La Chine a débuté ses grandes manœuvres militaires autour de Taïwan

La Chine a débuté ses grandes manœuvres militaires autour de Taïwan
AFP

L’armée chinoise a démarré jeudi les plus importantes manœuvres militaires de son histoire autour de Taïwan, une réponse musclée à la visite de la cheffe des députés américains Nancy Pelosi sur l’île.
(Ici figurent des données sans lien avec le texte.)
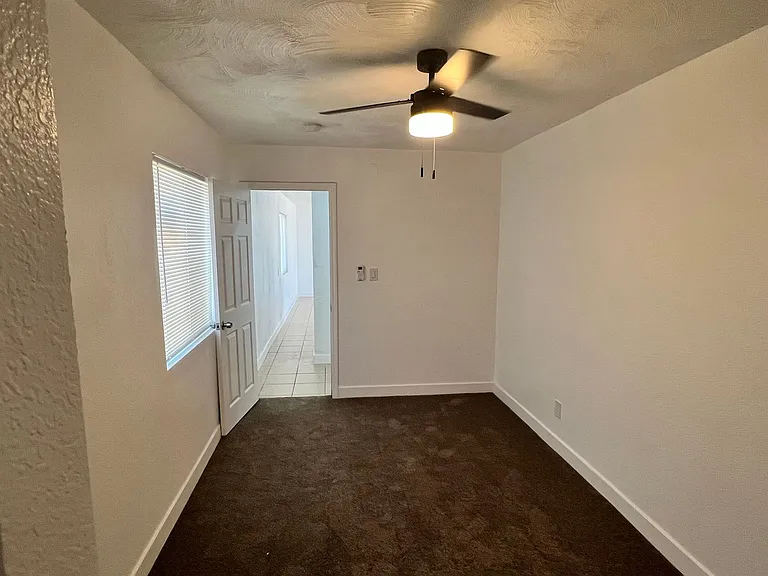 6104 Chia Ave — Photo 12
Si son déplacement sur ce territoire revendiqué par la Chine a duré moins de 24 heures, Mme Pelosi a déclenché la fureur de Pékin en étant la plus haute responsable américaine élue à se rendre à Taipei en 25 ans.

Elle a martelé que les États-Unis n’abandonneraient pas l’île, dirigée par un régime démocratique et qui vit sous la menace constante d’une invasion par l’armée chinoise.

« Les exercices commencent »

En réaction, Pékin a lancé à partir de jeudi midi (06h00 heure belge) de vastes manœuvres militaires dans six zones autour de Taïwan, au niveau de routes commerciales très fréquentées.

« Les exercices commencent » et se poursuivront jusqu’à dimanche midi (06h00 heure belge), a indiqué la télévision publique chinoise CCTV dans un message sur les réseaux sociaux.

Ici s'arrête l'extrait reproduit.